I read a good article on MarketWatch the other day called Start With $10,000 and Retire a Millionaire.
The premise of the article was that if you started with $10,000, assuming a 7% inflation-adjusted return (not always an easy feat), and saved consistently (the amount needed varied based on your age) you could retire at age 65 with $1,000,000.
Becoming a millionaire is not rocket science. At the core, you could break down becoming a millionaire into 2 simple steps:
1. Spend less than you make
Intrinsic to saving consistently is the fact that you must have money to save. The biggest factor noted in the book The Millionaire Next Door: Surprising Secrets of America’s Wealthyby Stanley & Danko is that wealth accumulators do not spend above – or even up to- what they earn.
In fact, they spend much, much less. Surprisingly, the folks that are wealthy (not just earning a good income) do not get into status objects and luxury items – they actually spend frugally.
2. Save aggressively & consistently for a long period of time
Here’s the other key. You need to save. I don’t mean throwing your loose change in a jar. I’m talking about saving a good amount for a long time, and doing it consistently.
Wealth accumulators save. It’s simple, but not easy. It’s easier to spend money on food, clothes, cars, homes, gadgets, and other fun things.

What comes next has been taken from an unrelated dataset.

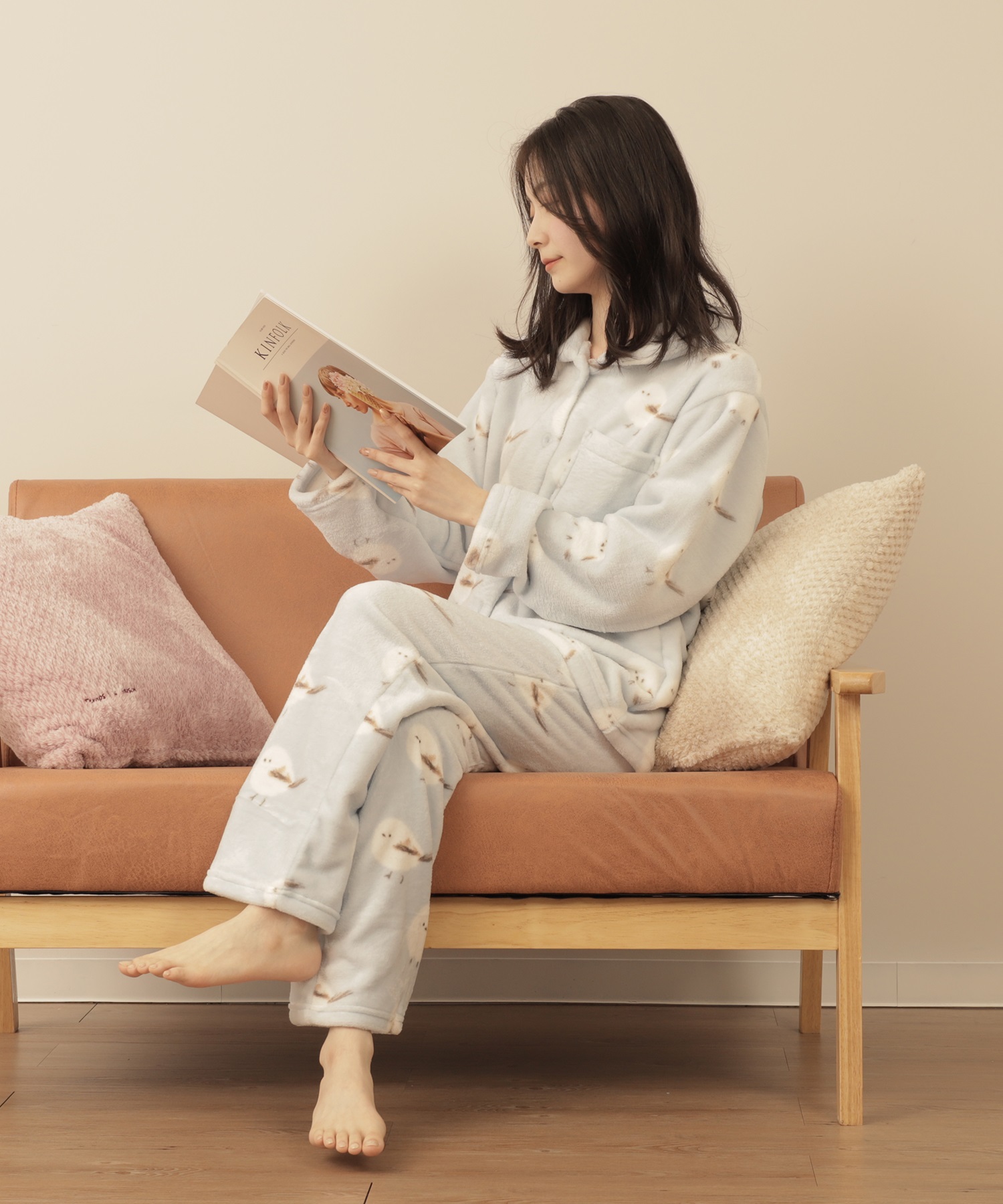 【mofutt】ふわもこアニマル柄シャツパジャマセット(72サックスブルー-Ｍ-0580116-72-031)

Don’t get me wrong – I’m not saying you should never spend money on fun items.
My point is this: If you want to accumulate wealth, you need to get a savings plan in place TODAY!
What should you do? If you’re in debt, get out now! Then start saving 10% of your income and try to get up to 20% as quickly as possible. Even if you don’t reach “millionaire status”, you will have saved a nice chunk of change, and you’ll be happy you did!